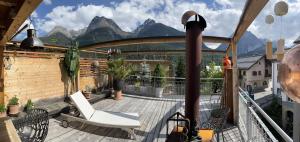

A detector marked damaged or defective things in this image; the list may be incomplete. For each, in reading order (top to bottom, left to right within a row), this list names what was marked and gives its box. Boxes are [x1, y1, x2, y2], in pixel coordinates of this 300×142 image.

rusty metal pipe [183, 11, 206, 139]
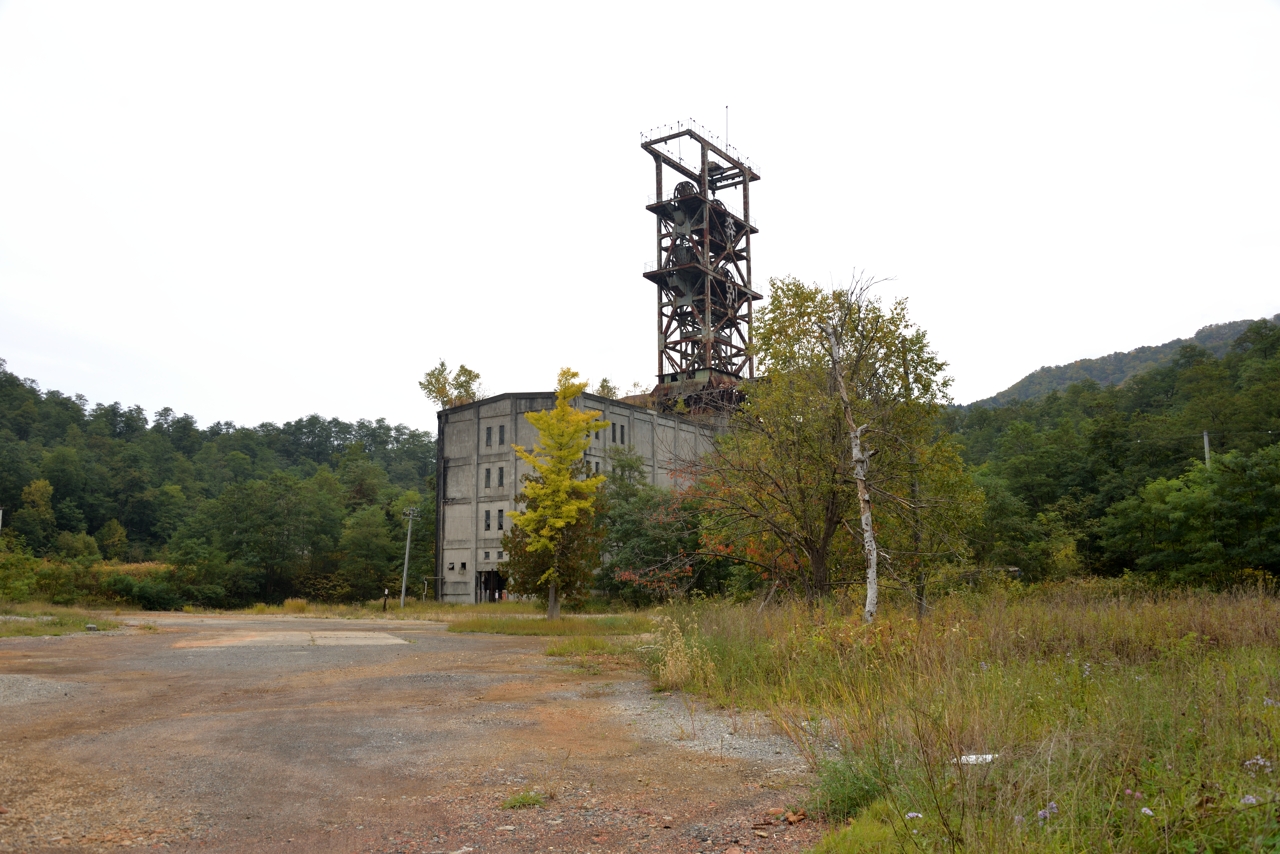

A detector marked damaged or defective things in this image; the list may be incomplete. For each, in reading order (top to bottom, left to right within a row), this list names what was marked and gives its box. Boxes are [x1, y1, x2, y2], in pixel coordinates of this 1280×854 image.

rusted steel tower [640, 122, 760, 412]
cracked asphalt road [0, 616, 820, 854]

### WHAT NEEDS TO BE DONE
In the records above, find the line containing "this 1280×854 image."; please retype it and every line after it through the last line, exactly and with nothing else.

### WRITTEN ANSWER
A detector marked damaged or defective things in this image; the list may be incomplete. For each, in reading order (top to bottom, left to right within a row), this list names what was marked and gives its box. Boxes are [x1, y1, x2, y2], in pixel coordinates of this 1280×854 image.

rusted steel tower [640, 122, 760, 412]
cracked asphalt road [0, 616, 820, 854]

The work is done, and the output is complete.